5 of 5 people found the following review helpful
I wanted to like it, but...,
This review is from: The Outsider: +DVD (Audio CD)
If you've read anything from the Shadow camp about this album you may already have reservations about the new direction taken for this release. Unfortunately I can't say anything to reassure you, and as a massive DJ Shadow fan I really wish I could! "The Outsider" is Josh Davies' third major studio album. The previous two releases "The Private Press" and 1996's classic "Endtroducing..." plus the rarer early release "Pre-Emptive Strike" set a high standard. Add to that side projects such as the legendary mixtapes "Brainfreeze" and "Product Placement" with Cut Chemist, "Psyence Fiction" as a member of James Lavelle's UNKLE, and Solesides and Quannum Projects and fans have understandably high expectations of any new material.

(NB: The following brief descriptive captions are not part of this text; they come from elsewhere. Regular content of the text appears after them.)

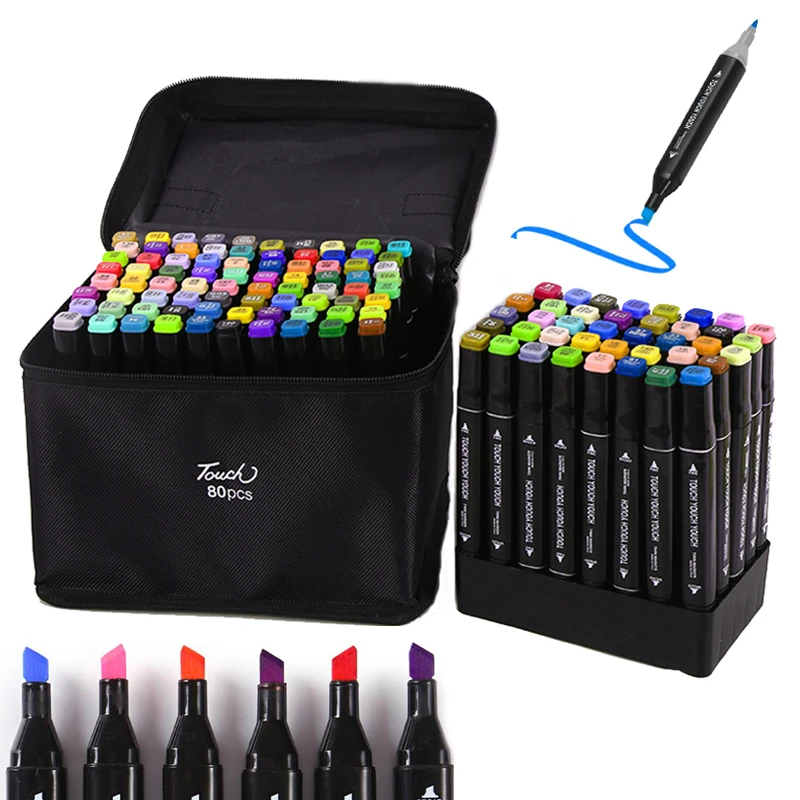 

24/30/40/60/80 Color Double Headed Oily Marker Set Sketch Drawing Graffiti Art Markers For Student School Supplies Stationery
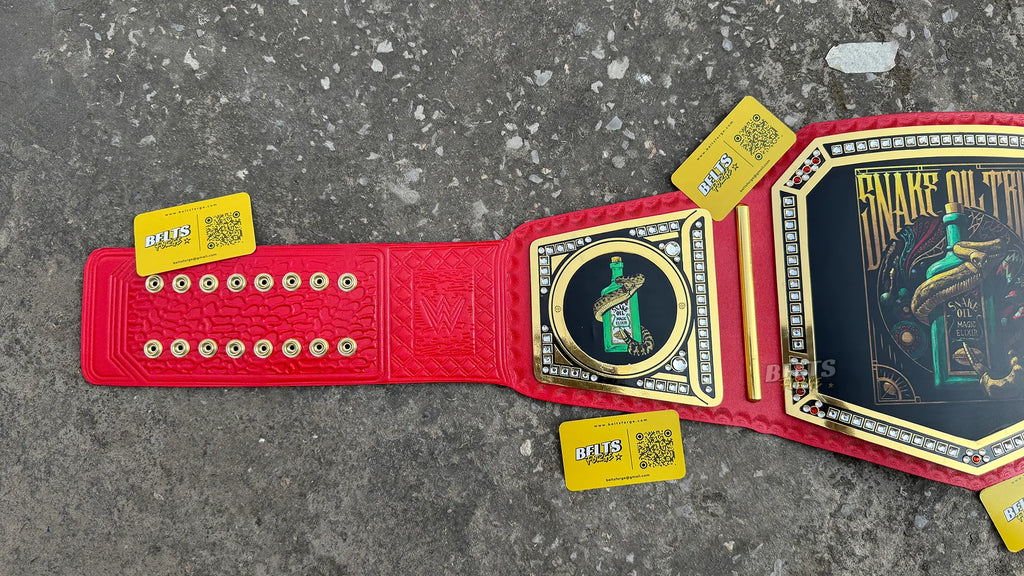 Custom Novelty Championship Belt left strap side plate and adjustment holes detail close up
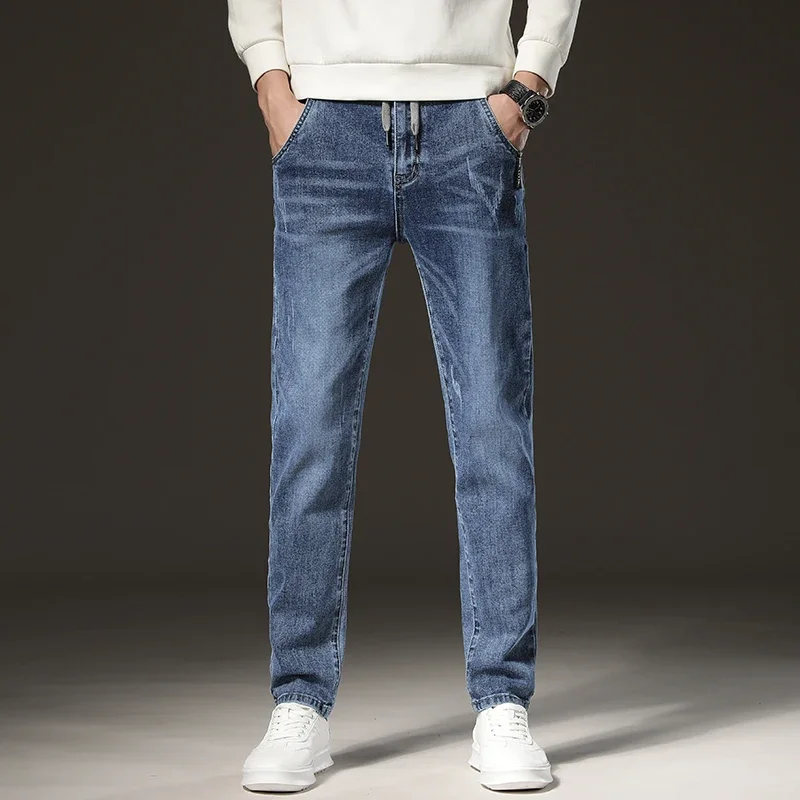 الشتاء الدافئ الجينز الرجال الصوف الضوء الأزرق سليم مستقيم الدينيم السراويل عالية الجودة رشاقته المخملية مرونة الراحة بناطيل كاجوال #6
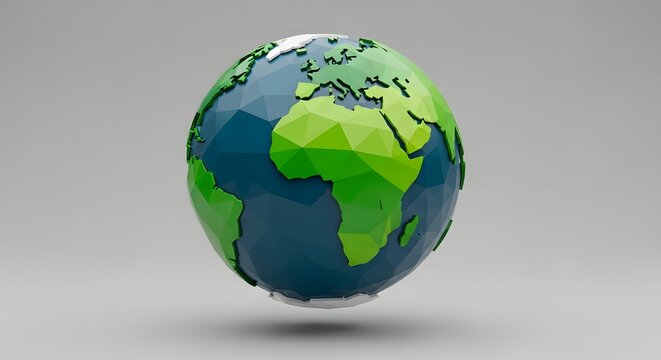 Low poly green and blue globe on gray background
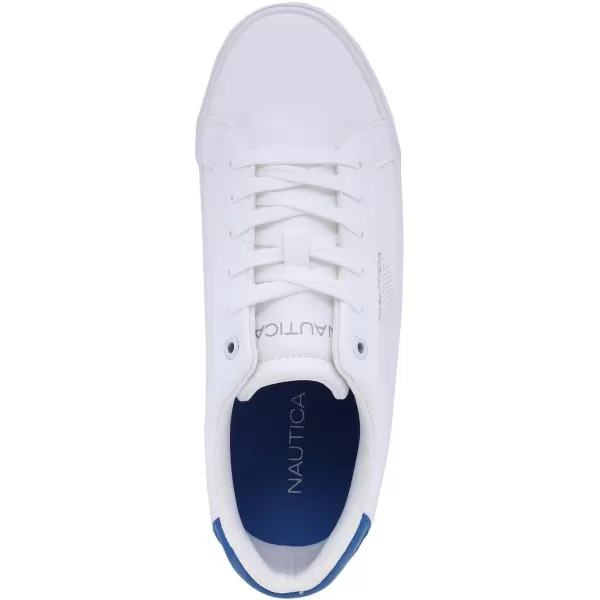 Nautica Mens Classic LaceUp Low Top Fashion Sneaker Loafer  Stylish and Comfortable Casual ShoeWhite Royalcolpa X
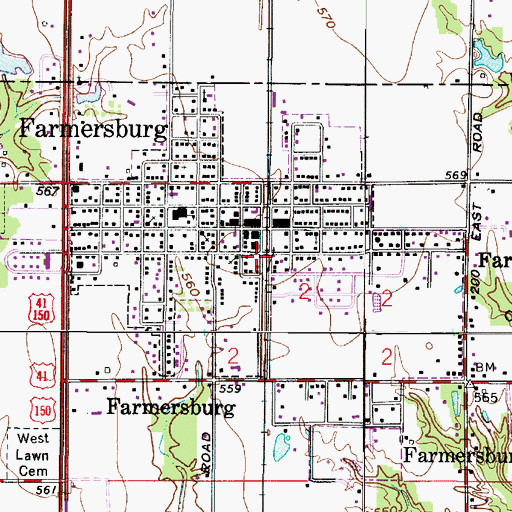 Topographic Map of Thunderbird Fire Protection Territory Station 1 Farmersburg, IN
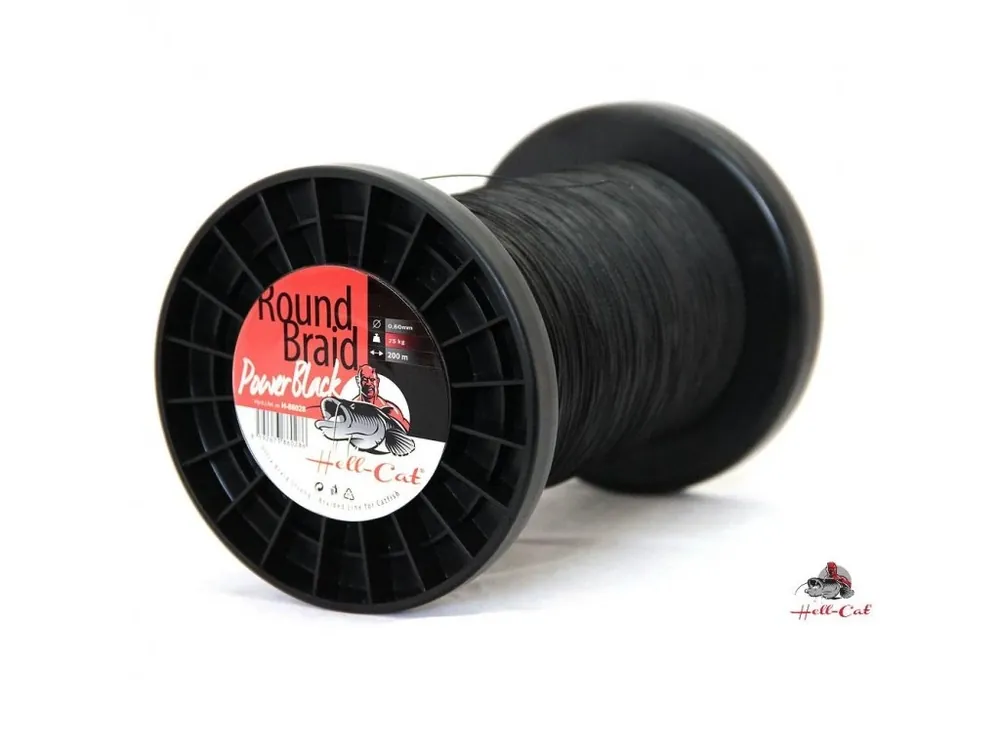Hell-Cat splétaná šňůra Round Braid Power Black 1000 m Nová Kolekce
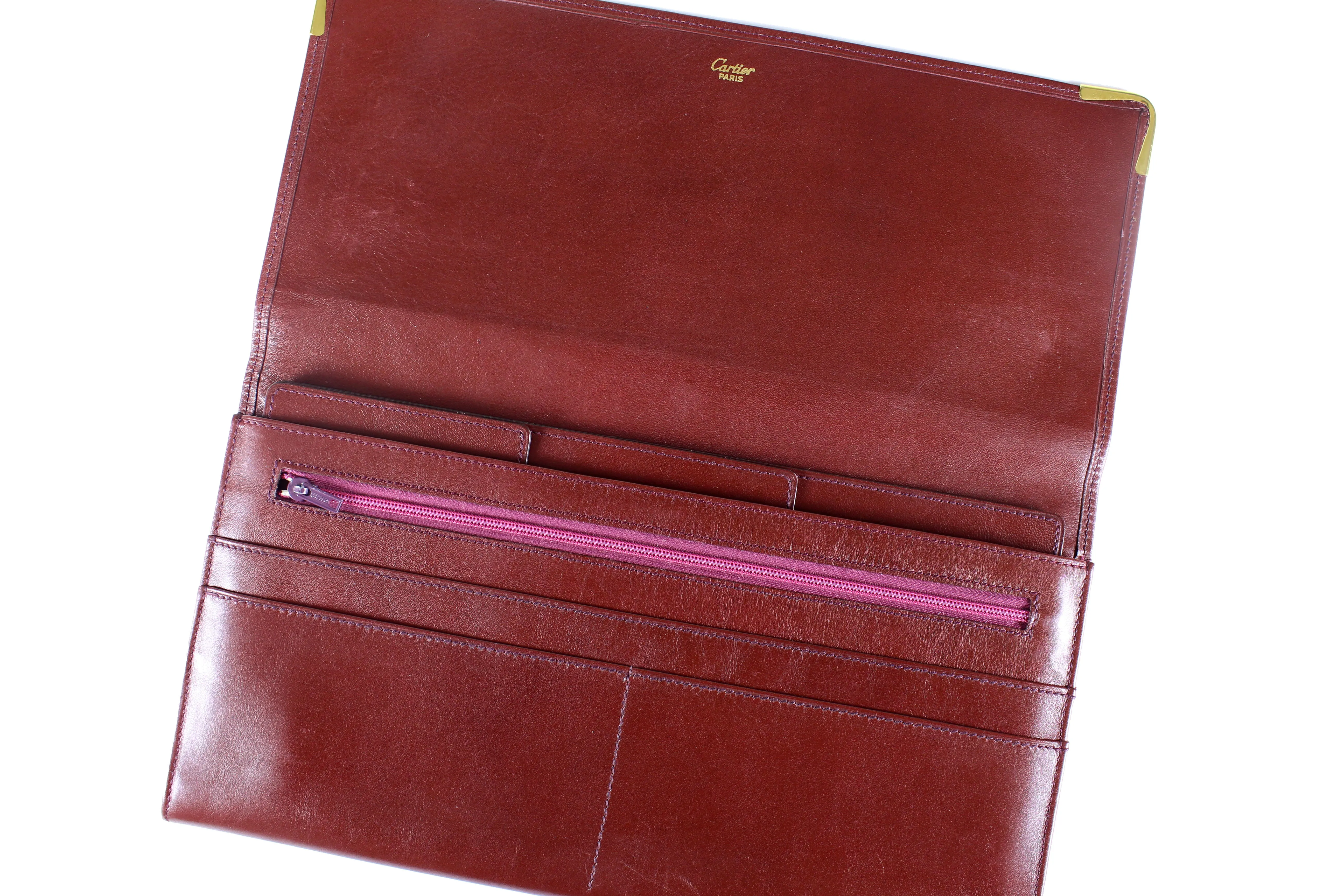 CARTIER large leather wallet burgundy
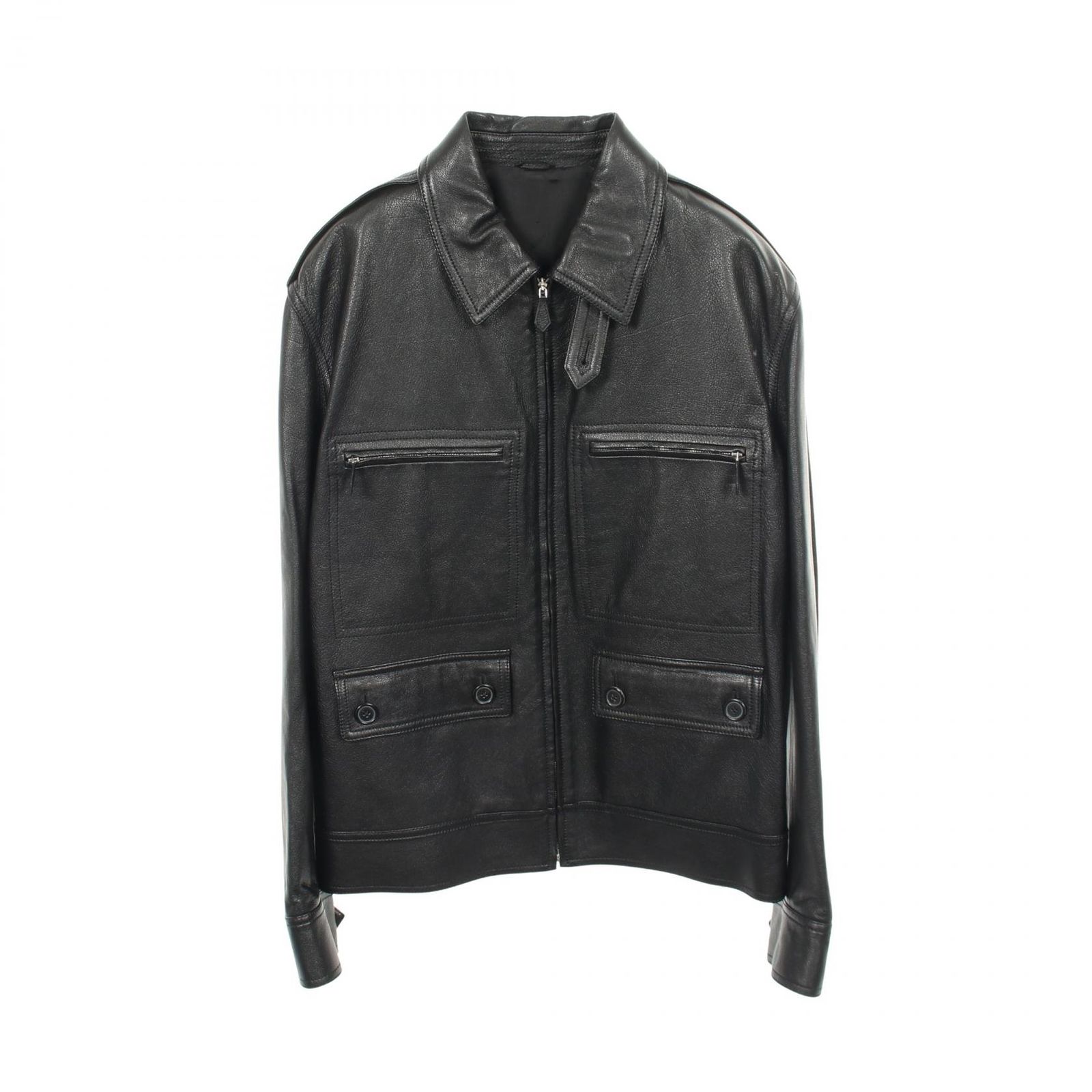エルメス HERMES 革ジャン ジップアップ ブラック レザー レザージャケット メンズ Used A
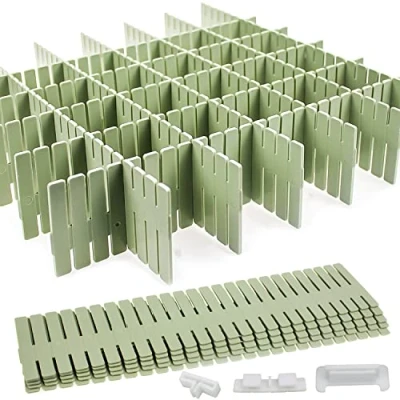 Afbeelding van ladeverdeler, 16 stuks, verstelbare opbergsysteem, groen, scheidingswanden, verstelbaar voor kast, ondergoed, sokken, doe het zelf bureau organizer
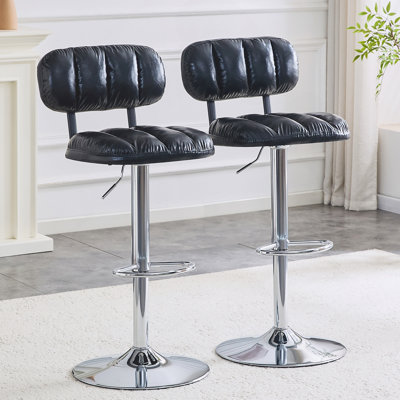 Ensemble de 2 tabourets de bar à hauteur ajustable, revêtement en cuir de polyuréthane noir avec base et repose-pieds chromés, sièges confortables modernes pour divers espaces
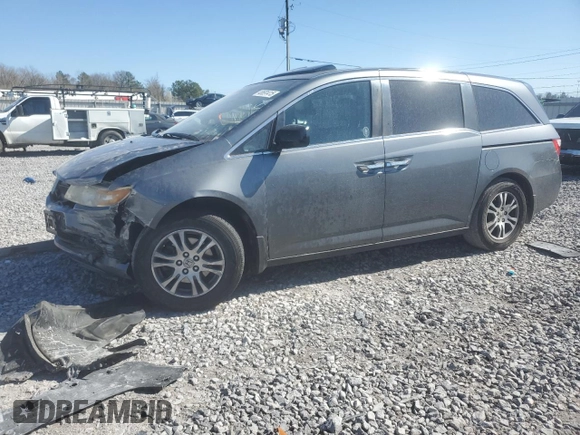 2013 Honda Odyssey EX-L with VIN 5FNRL5H6XDB015049, listed as a Copart auction lot 48691415 with 150,480 mi miles and Salvage Title. Bid and sale history available at DreamBid. Image 1.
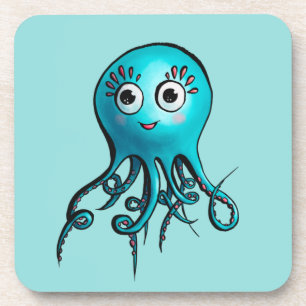 Cute Blue Octopus - Kawaii Cartoon Animal Zee Bier Onderzetter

"The Outsider" is a far more diverse collection of styles than the previous albums and includes many contributions from rappers and vocalists as well as live instrumentation, all of which differs greatly from the sample based instrumental work that Shadow is known for. The trouble is that I've heard most of these styles done better elsewhere and this incoherent collection makes Shadow seem like an impressionist mimicking his influences rather than taking inspiration to create anything new or exciting from them. Now don't get me wrong, change is a good thing and I don't think an artist should try to relive past glories for the rest of their career, but I would have expected better than this from someone with DJ Shadows back catalogue. Not that "The Outsider" is a bad album, it's just a bit of a strange one. Shadow jumps through an array of styles encompassing funky soul, psyche, hip hop, rock, Morricone sounding instrumentals, Thom Yorke / Primal Scream (circa Evil Heat) style indie and hyphy - the grimey hip hop sound from the Bay Area which Shadow is vocally championing. Unfortunately these hyphy tracks are my main concern with "The Outsider". At times sounding like weak derivatives of Missy Elliot and (eek) even Eminem these tracks left me wondering what Davies, not only as a producer but as a prolific collector and music fan, was thinking. Much of the rapping is tediously uninspired and in the case of "Keep em close" just painful. "3 Freaks" and "Backstage Girl" cause me further problems as they demonstrate the cliched hip hop misogyny that had been happily absent in Shadow's previous work.
I can't help but feel that this is an album by an artist less concerned with making great music but more interested in achieving broader commercial success. There are good (but not great) tracks on this album, which are also stylistic departures, "This time (I'm gonna try it my way)" and "What have I done" are highlights. With such a wide spectrum of sounds it feels like Shadow is casting his net too wide by trying to be "all things to all men". As a result "The Outsider" makes difficult listening and I predict that anyone will do so with one finger on the skip button.
If you are a DJ Shadow fan you'll buy this anyway, just don't expect too much and you probably won't be disappointed. If you're new to Shadow start elsewhere.